- What to produce
Any picture must be dropped, but each line of the data should be duplicated exactly.

- Data extract
-=-=-=-=-

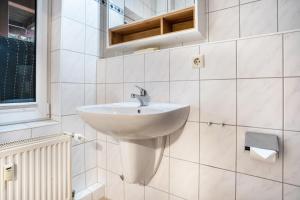 a white sink in a bathroom with white tiles at Ferienapartment 2 Heimathafen in Seedorf +26 photos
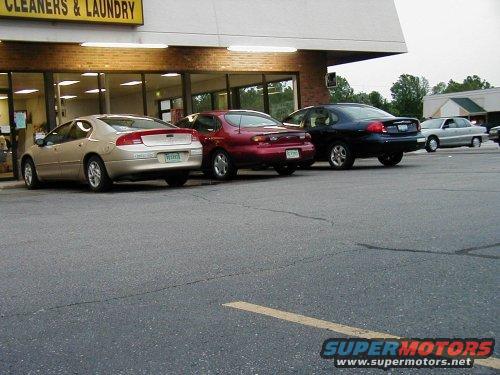 tan sedan, red sedan, and dark blue sedan parked outside a cleaners and laundry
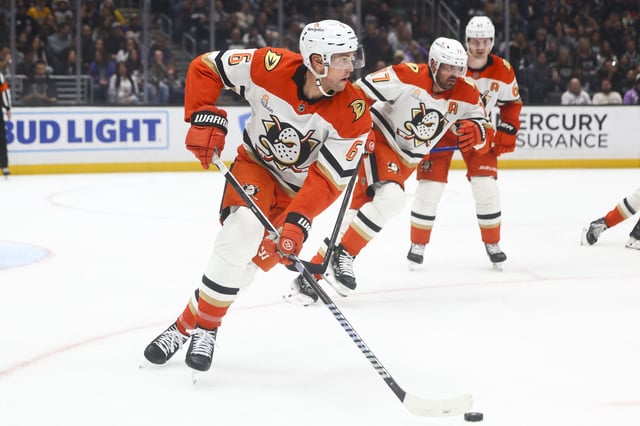 Feb 8, 2025; Los Angeles, California, USA; Anaheim Ducks defenseman Brian Dumoulin (6) skates with the puck against the Los Angeles Kings during the second period of a hockey game at Crypto.com Arena. Mandatory Credit: Jessica Alcheh-Imagn Images/File Photo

-=-=-=-=-

- Response box
 a white sink in a bathroom with white tiles at Ferienapartment 2 Heimathafen in Seedorf +26 photos
 tan sedan, red sedan, and dark blue sedan parked outside a cleaners and laundry
 Feb 8, 2025; Los Angeles, California, USA; Anaheim Ducks defenseman Brian Dumoulin (6) skates with the puck against the Los Angeles Kings during the second period of a hockey game at Crypto.com Arena. Mandatory Credit: Jessica Alcheh-Imagn Images/File Photo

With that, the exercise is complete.